Hi @ZackerayDove
Unfortunately I don’t have a great work around for you just yet. One brutal solution is to remove the offending perspectives from the capture.
We discussed manually cropping the input or output, but that will involve a lot of very precise and error prone frame arithmetic and remapping which is not likely to be workable.
After this latest sprint, we will consider adding crop back to address this specific issue.
Regarding the lens flares, they are definitely an issue that we are constantly fighting.
We have used lens hoods that don’t occlude the color frames. We also often use ring lights that are small & bright, or softboxes that are higher out of the picture.
Other customers have invested in polarization, which can be expensive but work well.
One team shared the following for polarization:
To achieve this effect we have polarised all the lights in our Cyber Rig to the same plane using filter mounts made for our IDA Tronic flashes. Similarly, large polarization sheets can be purchased and cut to cover most light sizes, however similarly they all need to be aligned to the same plane.
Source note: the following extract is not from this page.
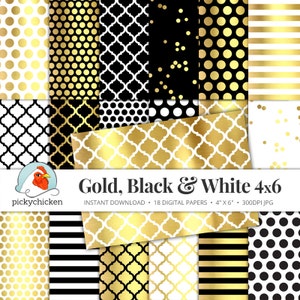 Gold Foil Digital Paper 4x6 Gold Black & White, gold glam dots stripes confetti moroccan faux gold printable invitation template 7006 image 1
We designed and 3D printed some simple filter mounts which slide over the edge of the Kinect (see attached) so that a polarization filter can be cut and held flat over the RGB camera. The tolerance on this cut polarization sheet needs to be tight as the RGB camera is very close to the depth camera and the filter will clip the IR depth data if it covers the sensor. The polarization sheet needs to be placed into the mount over the RGB cam so that it is at 90 degrees to the environment source lighting, thus cross polarizing the texture data.